Need help finding one set of data within another set of data for update

  • Need help finding one set of data within another set of data for update,

    so if within column 1 it finds the results from another select on another table,

    it updates a different column with the result.

    Example

    SELECT Title

    from H..Import_Table

    returns

    'PRN - Concord'

    'PRN - San Jose'

    'SLP - PRN - San Jose'

    'San Jose - PT - PRN'

    'PTA - PRN - Santa Cruz'

    'Rancho Santa Margarita PT - PRN'

    'PT- PRN-San Diego'

    'OT - PRN - Rancho Palos Verdes'

    'SLP - PRN - Rancho Santa Margarita'

    'OTR - PRN - Laguna Hills'

    'PT - PRN - Cardiff by the Sea'

    SELECT City

    from E..City

    returns

    'Concord'

    'San Jose'

    'San Jose'

    'San Jose'

    'Santa Cruz'

    'Rancho Santa Margarita'

    'San Diego'

    'Rancho Palos Verdes'

    'Rancho Santa Margarita'

    'Laguna Hills'

    'Cardiff by the Sea'

    UPDATE H..Import_Table

    SET CITY = CASE WHEN (SELECT city FROM E..City) IN (SELECT title FROM H..Import_Table)

    THEN (SELECT city FROM E..City) ELSE NULL end

    Hopefully I am explaining this well enough.

  • -- Start of what helps us help you

    create table #import (importcity nvarchar(128), title nvarchar(128))

    create table #city (city nvarchar(128))

    insert #import (importcity, title)

    values

    ('SomthingElse', 'PRN - Concord'),

    ('SomthingElse', 'PRN - San Jose'),

    ('SomthingElse', 'SLP - PRN - San Jose'),

    ('SomthingElse', 'San Jose - PT - PRN'),

    ('SomthingElse', 'PTA - PRN - Santa Cruz'),

    ('SomthingElse', 'Rancho Santa Margarita PT - PRN'),

    ('SomthingElse', 'PT- PRN-San Diego'),

    ('SomthingElse', 'OT - PRN - Rancho Palos Verdes'),

    ('SomthingElse', 'SLP - PRN - Rancho Santa Margarita'),

    ('SomthingElse', 'OTR - PRN - Laguna Hills'),

    ('SomthingElse', 'PT - PRN - Cardiff by the Sea')

    insert #city (city)

    values

    ('Concord'),

    ('San Jose'),

    ('San Jose'),

    ('San Jose'),

    ('Santa Cruz'),

    ('Rancho Santa Margarita'),

    ('San Diego'),

    ('Rancho Palos Verdes'),

    ('Rancho Santa Margarita'),

    ('Laguna Hills'),

    ('Cardiff by the Sea')

    -- A sample of the expected results goes here.

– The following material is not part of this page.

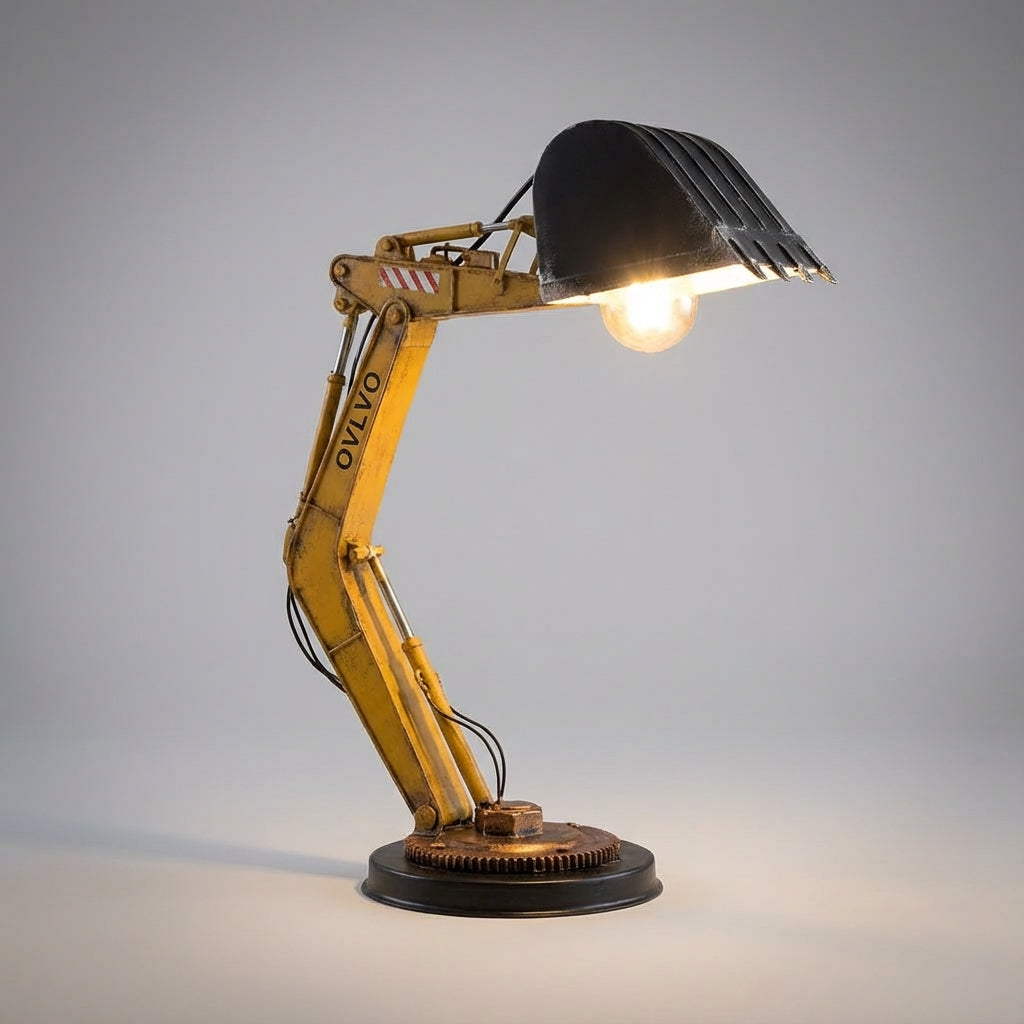 Charmante Bagger LED-Tischlampe als Nachtlicht, Schreibtischlampe oder coole Dekoration für Kinder & Erwachsene.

    -- End of what helps us help you

    -- the answer (assuming I interpreted the pseudo-T-SQL correctly)

    update #import

    set importcity = city

    from #import join #city

    on charindex(city, title)>0

    /*

    unable to guarantee a distinct city for a given title,

    such as when a title mentions two cities .

    For example, what if there was also a city named 'Rancho'?

    */

  • Good point about partial matches. Presumably you'd want to match on the longest match (?!):

    insert into #import (importcity, title)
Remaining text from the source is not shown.